When you hear the name Enve Composites, fancy U.S.-made carbon wheels, carbon forks, bars, stems, and seatposts will probably be the first thoughts that enter your mind. For the past 16 years, these parts found their way onto some of the most drool-worthy custom bikes. Enve built its reputation in the world of bespoke bicycles and used that foundation to grow its business from a niche high-end wheel company to a more mainstream presence in cycling.

In March of 2021, Enve returned to its boutique roots with a product that few outside the company saw coming, a custom carbon road frame manufactured at Enve’s Ogden, Utah headquarters. This initial bike, simply named Custom Road, is constructed from several uniquely molded carbon pieces. The whole point of the Custom Road is that it is custom-built; it requires an incredibly high degree of attention from a dedicated production team. Enve’s second road model, the Melee, was built on the foundation created by the Custom Road. But, it would be simplistic to say that the Melee is the stock version of the Custom Road.

enve melee
Trevor Raab

The Melee uses a monocoque construction method versus the more labor-intensive processes of bonding carbon tubes and then overwrapping with more carbon. The monocoque frame results in a lighter, more aerodynamic frame. The process is so different that it would have been unrealistic to try to produce the Melee alongside the Custom Road in Utah. Instead, the Melee is Chinese-made. And inside the same factory Enve has used for years to manufacture its forks and handlebars.

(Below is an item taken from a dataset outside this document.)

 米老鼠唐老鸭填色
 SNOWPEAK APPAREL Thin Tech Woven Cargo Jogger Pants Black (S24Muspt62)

Without the option for custom geometry, the Melee exists in the realm of modern production road bikes, uniting formerly separated categories of aero road, climbing, and classics race bikes into one. The Melee is light, weighing 891 grams for a 52cm painted frame with all the hardware. The fork adds another 420 grams, and the d-shaped Enve seatpost (proprietary to the Melee) is an additional 197 grams.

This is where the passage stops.